▶ Your instructions:
The records below must be copied out completely and exactly.

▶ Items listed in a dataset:
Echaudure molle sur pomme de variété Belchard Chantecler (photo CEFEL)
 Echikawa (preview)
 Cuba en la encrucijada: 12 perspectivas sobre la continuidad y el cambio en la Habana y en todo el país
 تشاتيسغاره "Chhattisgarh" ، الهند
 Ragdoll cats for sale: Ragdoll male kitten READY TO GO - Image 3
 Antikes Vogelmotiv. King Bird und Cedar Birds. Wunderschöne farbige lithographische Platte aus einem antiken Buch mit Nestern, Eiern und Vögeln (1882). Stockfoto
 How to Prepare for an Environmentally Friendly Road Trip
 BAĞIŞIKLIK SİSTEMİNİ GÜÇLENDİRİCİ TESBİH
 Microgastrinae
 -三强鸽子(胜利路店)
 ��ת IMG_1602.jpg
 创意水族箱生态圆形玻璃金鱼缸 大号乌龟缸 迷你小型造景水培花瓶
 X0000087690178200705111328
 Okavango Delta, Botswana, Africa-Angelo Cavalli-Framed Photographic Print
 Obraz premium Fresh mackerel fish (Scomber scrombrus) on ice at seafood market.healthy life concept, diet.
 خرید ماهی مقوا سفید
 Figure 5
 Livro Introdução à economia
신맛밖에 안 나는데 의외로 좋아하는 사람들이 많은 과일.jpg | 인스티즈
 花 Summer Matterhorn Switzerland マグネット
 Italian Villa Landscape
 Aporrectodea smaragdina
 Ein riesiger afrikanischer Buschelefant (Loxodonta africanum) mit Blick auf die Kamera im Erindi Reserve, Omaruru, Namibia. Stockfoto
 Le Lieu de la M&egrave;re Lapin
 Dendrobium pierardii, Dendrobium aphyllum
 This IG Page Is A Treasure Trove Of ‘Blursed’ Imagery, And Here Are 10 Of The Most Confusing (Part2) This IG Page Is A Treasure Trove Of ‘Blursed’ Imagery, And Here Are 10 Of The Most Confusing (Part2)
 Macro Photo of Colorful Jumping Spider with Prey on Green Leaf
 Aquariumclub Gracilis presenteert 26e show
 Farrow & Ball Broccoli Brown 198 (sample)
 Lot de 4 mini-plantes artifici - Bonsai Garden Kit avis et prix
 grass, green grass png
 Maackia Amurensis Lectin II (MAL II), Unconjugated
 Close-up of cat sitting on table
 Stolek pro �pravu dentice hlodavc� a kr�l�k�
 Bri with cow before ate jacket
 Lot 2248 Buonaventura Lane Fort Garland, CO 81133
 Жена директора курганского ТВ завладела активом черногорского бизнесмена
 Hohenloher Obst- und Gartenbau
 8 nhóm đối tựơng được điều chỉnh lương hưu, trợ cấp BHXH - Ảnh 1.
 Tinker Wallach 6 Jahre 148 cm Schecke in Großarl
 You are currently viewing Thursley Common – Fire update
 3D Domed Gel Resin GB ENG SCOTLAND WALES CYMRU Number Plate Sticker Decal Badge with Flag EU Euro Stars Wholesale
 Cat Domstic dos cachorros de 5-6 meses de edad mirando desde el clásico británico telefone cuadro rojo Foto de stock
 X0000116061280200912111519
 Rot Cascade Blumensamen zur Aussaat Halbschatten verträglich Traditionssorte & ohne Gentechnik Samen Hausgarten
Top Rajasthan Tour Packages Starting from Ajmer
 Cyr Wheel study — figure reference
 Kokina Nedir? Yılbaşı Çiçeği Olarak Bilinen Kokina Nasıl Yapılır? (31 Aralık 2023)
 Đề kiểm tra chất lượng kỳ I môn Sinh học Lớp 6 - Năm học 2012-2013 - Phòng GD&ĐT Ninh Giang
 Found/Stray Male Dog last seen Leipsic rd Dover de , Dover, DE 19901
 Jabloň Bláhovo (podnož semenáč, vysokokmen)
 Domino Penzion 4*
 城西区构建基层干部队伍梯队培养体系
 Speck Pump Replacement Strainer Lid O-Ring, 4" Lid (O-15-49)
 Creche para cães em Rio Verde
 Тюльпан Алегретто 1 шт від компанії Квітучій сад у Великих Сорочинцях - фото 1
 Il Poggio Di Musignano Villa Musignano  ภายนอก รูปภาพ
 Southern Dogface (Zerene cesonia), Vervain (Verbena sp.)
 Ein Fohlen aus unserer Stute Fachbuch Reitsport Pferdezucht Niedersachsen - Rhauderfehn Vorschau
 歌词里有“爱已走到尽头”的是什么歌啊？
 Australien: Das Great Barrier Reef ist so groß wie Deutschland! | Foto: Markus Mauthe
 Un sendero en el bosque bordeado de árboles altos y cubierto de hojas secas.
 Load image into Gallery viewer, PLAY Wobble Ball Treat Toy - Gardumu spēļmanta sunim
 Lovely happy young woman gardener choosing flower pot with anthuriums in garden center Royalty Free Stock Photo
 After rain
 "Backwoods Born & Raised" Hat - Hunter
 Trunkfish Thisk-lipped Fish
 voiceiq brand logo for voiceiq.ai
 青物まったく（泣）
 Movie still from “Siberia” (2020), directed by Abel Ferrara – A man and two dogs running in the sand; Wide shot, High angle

▶ Solution to this exercise:
Echaudure molle sur pomme de variété Belchard Chantecler (photo CEFEL)
 Echikawa (preview)
 Cuba en la encrucijada: 12 perspectivas sobre la continuidad y el cambio en la Habana y en todo el país
 تشاتيسغاره "Chhattisgarh" ، الهند
 Ragdoll cats for sale: Ragdoll male kitten READY TO GO - Image 3
 Antikes Vogelmotiv. King Bird und Cedar Birds. Wunderschöne farbige lithographische Platte aus einem antiken Buch mit Nestern, Eiern und Vögeln (1882). Stockfoto
 How to Prepare for an Environmentally Friendly Road Trip
 BAĞIŞIKLIK SİSTEMİNİ GÜÇLENDİRİCİ TESBİH
 Microgastrinae
 -三强鸽子(胜利路店)
 ��ת IMG_1602.jpg
 创意水族箱生态圆形玻璃金鱼缸 大号乌龟缸 迷你小型造景水培花瓶
 X0000087690178200705111328
 Okavango Delta, Botswana, Africa-Angelo Cavalli-Framed Photographic Print
 Obraz premium Fresh mackerel fish (Scomber scrombrus) on ice at seafood market.healthy life concept, diet.
 خرید ماهی مقوا سفید
 Figure 5
 Livro Introdução à economia
신맛밖에 안 나는데 의외로 좋아하는 사람들이 많은 과일.jpg | 인스티즈
 花 Summer Matterhorn Switzerland マグネット
 Italian Villa Landscape
 Aporrectodea smaragdina
 Ein riesiger afrikanischer Buschelefant (Loxodonta africanum) mit Blick auf die Kamera im Erindi Reserve, Omaruru, Namibia. Stockfoto
 Le Lieu de la M&egrave;re Lapin
 Dendrobium pierardii, Dendrobium aphyllum
 This IG Page Is A Treasure Trove Of ‘Blursed’ Imagery, And Here Are 10 Of The Most Confusing (Part2) This IG Page Is A Treasure Trove Of ‘Blursed’ Imagery, And Here Are 10 Of The Most Confusing (Part2)
 Macro Photo of Colorful Jumping Spider with Prey on Green Leaf
 Aquariumclub Gracilis presenteert 26e show
 Farrow & Ball Broccoli Brown 198 (sample)
 Lot de 4 mini-plantes artifici - Bonsai Garden Kit avis et prix
 grass, green grass png
 Maackia Amurensis Lectin II (MAL II), Unconjugated
 Close-up of cat sitting on table
 Stolek pro �pravu dentice hlodavc� a kr�l�k�
 Bri with cow before ate jacket
 Lot 2248 Buonaventura Lane Fort Garland, CO 81133
 Жена директора курганского ТВ завладела активом черногорского бизнесмена
 Hohenloher Obst- und Gartenbau
 8 nhóm đối tựơng được điều chỉnh lương hưu, trợ cấp BHXH - Ảnh 1.
 Tinker Wallach 6 Jahre 148 cm Schecke in Großarl
 You are currently viewing Thursley Common – Fire update
 3D Domed Gel Resin GB ENG SCOTLAND WALES CYMRU Number Plate Sticker Decal Badge with Flag EU Euro Stars Wholesale
 Cat Domstic dos cachorros de 5-6 meses de edad mirando desde el clásico británico telefone cuadro rojo Foto de stock
 X0000116061280200912111519
 Rot Cascade Blumensamen zur Aussaat Halbschatten verträglich Traditionssorte & ohne Gentechnik Samen Hausgarten
Top Rajasthan Tour Packages Starting from Ajmer
 Cyr Wheel study — figure reference
 Kokina Nedir? Yılbaşı Çiçeği Olarak Bilinen Kokina Nasıl Yapılır? (31 Aralık 2023)
 Đề kiểm tra chất lượng kỳ I môn Sinh học Lớp 6 - Năm học 2012-2013 - Phòng GD&ĐT Ninh Giang
 Found/Stray Male Dog last seen Leipsic rd Dover de , Dover, DE 19901
 Jabloň Bláhovo (podnož semenáč, vysokokmen)
 Domino Penzion 4*
 城西区构建基层干部队伍梯队培养体系
 Speck Pump Replacement Strainer Lid O-Ring, 4" Lid (O-15-49)
 Creche para cães em Rio Verde
 Тюльпан Алегретто 1 шт від компанії Квітучій сад у Великих Сорочинцях - фото 1
 Il Poggio Di Musignano Villa Musignano  ภายนอก รูปภาพ
 Southern Dogface (Zerene cesonia), Vervain (Verbena sp.)
 Ein Fohlen aus unserer Stute Fachbuch Reitsport Pferdezucht Niedersachsen - Rhauderfehn Vorschau
 歌词里有“爱已走到尽头”的是什么歌啊？
 Australien: Das Great Barrier Reef ist so groß wie Deutschland! | Foto: Markus Mauthe
 Un sendero en el bosque bordeado de árboles altos y cubierto de hojas secas.
 Load image into Gallery viewer, PLAY Wobble Ball Treat Toy - Gardumu spēļmanta sunim
 Lovely happy young woman gardener choosing flower pot with anthuriums in garden center Royalty Free Stock Photo
 After rain
 "Backwoods Born & Raised" Hat - Hunter
 Trunkfish Thisk-lipped Fish
 voiceiq brand logo for voiceiq.ai
 青物まったく（泣）
 Movie still from “Siberia” (2020), directed by Abel Ferrara – A man and two dogs running in the sand; Wide shot, High angle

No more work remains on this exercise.